Depuis 5150 Rue des Ormes, peuplé de justes et d'injustes et centré sur l'interprétation des humains de la Loi (divine) avec un grand L, jusqu'à Hell.com au sujet duquel l'auteur disait que s'il était le diable, aujourd'hui, il serait sur Internet, il est virtuellement impossible de lire Senécal sans plonger dans les valeurs judéo-chrétiennes. Et ce, même si la chose étonne de la part d'un auteur relativement jeune qui n'a pas grandi dans le Québec pré-révolution tranquille. Elle pourrait aussi étonner de la part d'un auteur fantastique, mais Senécal n'a jamais vu l'intérêt de mettre en scène l'horreur sous sa forme fantastique traditionnelle (vampires, loups-garous, etc). Les "monstres" de Senécal sont toujours humains et symbolisent, par leurs valeurs, Dieu et le Diable. «Quand je veux faire réfléchir à quelque chose, on dirait que je ne peux le faire qu’en étant réaliste» (ii).
L’auteur explore donc le monde dans des romans dominés par les valeurs judéo-chrétiennes et où l’absence de ces valeurs réfère immédiatement à des concepts reliés au Mal.

Sur le Seuil: contre le Diable
Si on regarde la surface des choses, le roman de Patrick Senécal où Dieu ou le Diable sont le plus présents est certainement Sur le Seuil. Dans ce roman - et sous l’apparence d’un roman de fantastique horrifique conventionnel - Senécal nous raconte une histoire dont le point central est le Mal avec un grand M, sa transmission et son omnipotence une fois installé chez l'humain. De plus, sous le couvert d’une version personnelle de The Omen, oeuvre qui racontait ouvertement l’avènement/retour du Diable parmi les humains, l’auteur nous ouvre les portes de sa conception du Mal et de l’Enfer. Les origines et la transmission de ce Mal nous est raconté via ceux qui ont assisté à certaines cérémonies, ou bien ceux qui ont voulu le combattre. Dans le cas précis de Sur le Seuil, ces scènes proviennent de membres du clergé, qu’ils soient chrétiens ou rebelles, et la cérémonie ultime du roman est une version personnelle d’une messe satanique à l’intérieur même d’une église. On peut difficilement demander plus religieux comme référent du Bien et du Mal. Ceci dit, en fantastique horrifique, il n’est pas rare – et c’est même le concept le plus répandu – d’utiliser des éléments religieux ou des renégats de la religion pour évoquer le Bien ou le Mal; Dieu ou le Diable. Senécal pige ici dans la grande marmite du fantastique horrifique contemporain comme bien d’autres avant lui.

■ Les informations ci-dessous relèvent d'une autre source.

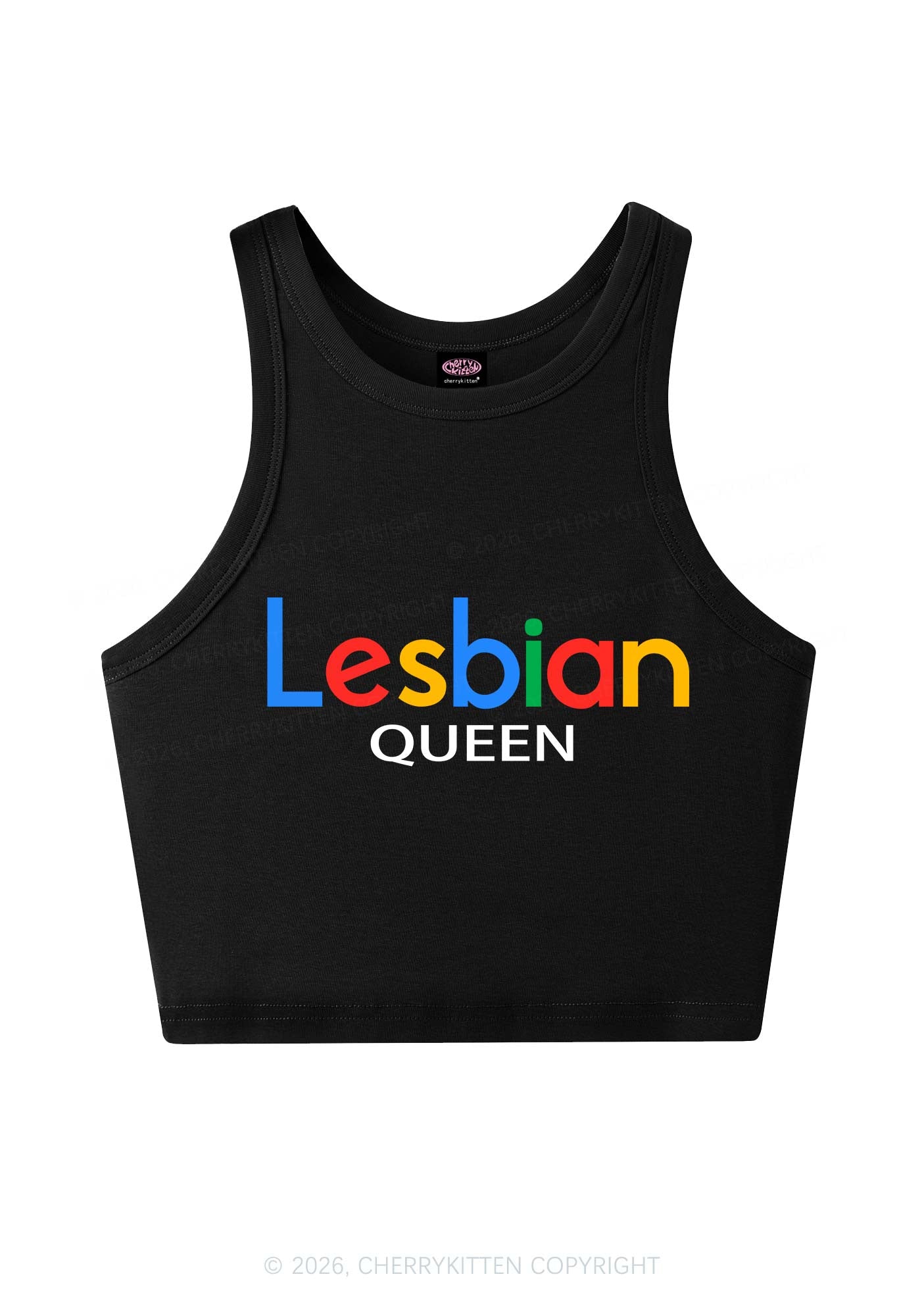 Lesbian Queen Pride Y2K Crop Tank Top Cherrykitten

Les justes et les injustes de 5150 et du Talion
«La concrétisation parfaite du combat
entre le Bien et le Mal, entre les Justes
et les Non-Justes!» (iii).
Dans 5150 Rue des Ormes, on suit les mésaventure de Yannick Bérubé, qui a est tombé par hasard sur une famille dysfonctionnelle dominée par Jacques Beaulieu, lequel séquestre Yannick suite à ses malencontreuses découvertes. Toute l’histoire de ce roman se déroule donc autour de l’affrontement entre Yannick et Jacques, vu du point de vue de la victime de cette séquestration. Au fil du roman, on assiste toutefois à des éclaircissements sur la situation et sur le dilemme devant lequel Jacques est placé. Beaulieu a une très haute opinion de ses actes et se défini comme un juste ultime, quelqu’un qui s’est donné comme mission d’appliquer une sorte de justice divine, face à tous les non-justes qui sévissent. Sévir contre Yannick serait injuste, mais le libérer signifierait la fin de sa mission (divine). D’où le dilemme.
«Heureux ceux qui ont faim et soif
de la justice, car ils seront rassasiés!» (iv)

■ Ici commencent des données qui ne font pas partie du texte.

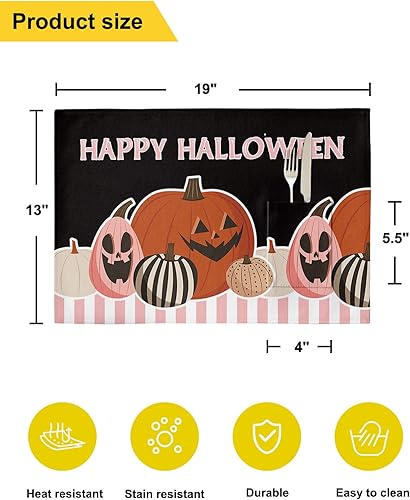 Miniatura 6 de Halloween Table Placemats for Dining Table Set of 2,Cotton Linen Cloth Kitchen Place Mats with Pocket,Burlap SquareRectangle Table Holiday Food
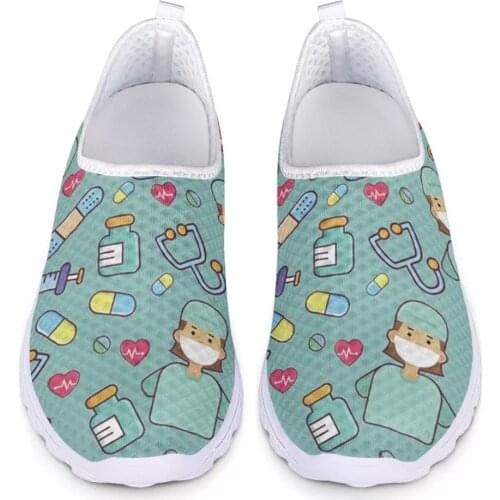 HYCOOL Hot Selling Women Flats Shoes Nurse Doctor Cartoon Medical Print Flat Shoes Ladies Casual Summer Ladies Shoes Custom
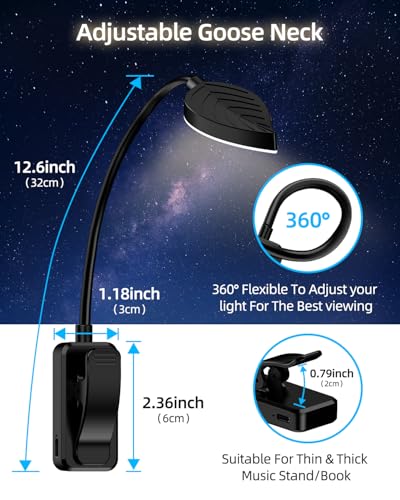 Rechargeable Book Lights for Reading at Night - Eye,3 Color Temperatures,3 Brightness Levels,Flexible Goose Neck Clip on Light,Reading Lights for Books in bed with Power Indicator Bookworms (Black)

Si les références chrétiennes directes sont réservées au personnage secondaire de la femme de Jacques, Maude, dans son délire religieux, on ne peut pas ignorer l’influence chrétienne dans les concepts de justice (punir le Mal) et d’injustice (faire le mal) qui caractérisent la motivation de Jacques.
Avec le titre du roman suivant, Les sept jours du Talion, Senécal endosse directement une référence biblique célèbre; le thème de la vengeance, la Loi du Talion; œil pour œil dent pour dent...
«Vous croyez que ce genre d'actions est une solution?
Bruno se tourna vers la journaliste, la dévisagea un
moment puis répondit avec nonchalance:
- Non» (v).
«Vous avez appris qu’il a été dit: œil pour œil,
et dent pour dent. Mais moi, je vous dis de ne
pas résister au méchant. Si quelqu’un te
 frappe sur la joue droite, présente-lui aussi l’autre» (vi).
Tout le roman est donc une réflexion sur cette référence judéo-chrétienne. Le roman raconte l’histoire d’un homme qui, après le viol et le meurtre de sa fillette, décide de prendre la justice en main. Il enlève le coupable de ce crime horrible et le séquestre dans le but de le torturer.
«Si Dieu existe, effectivement il est
neutre. Mais cette neutralité-là
peut être très révoltante et ça vient
ébranler nos paramètres relatifs
au bien et au mal» (vii).
Mais outre la réflexion sur la vengeance, on note un effet miroir intéressant de ce roman avec 5150 Rue des ormes. En effet, Le Talion raconte en quelque sorte l’histoire de Bruno Hamel qui tient Anthony Lemaire séquestré avec pour but de punir ce "non-juste". Autrement dit, mis à part les considérations morales, nous avons ici un roman qui raconte une histoire similaire à 5150 rue des Ormes, mais du point de vue du séquestreur plutôt que de celui du séquestré. (Et bien que les films adaptés de ces deux romans soient sortis à quelques mois d'intervalle, personne ne semble avoir fait ce lien non plus au cinéma).
Le déroulement et la finale du Talion montrent une évolution de l’ancien testament (le talion) au nouveau testament (le pardon), avec une morale qui indique que l’application de la lettre de la Loi du Talion ne mène pas à la rédemption.
«Pardonne-nous nos offenses, comme nous 
pardonnons aussi à ceux qui nous ont offensés» (viii).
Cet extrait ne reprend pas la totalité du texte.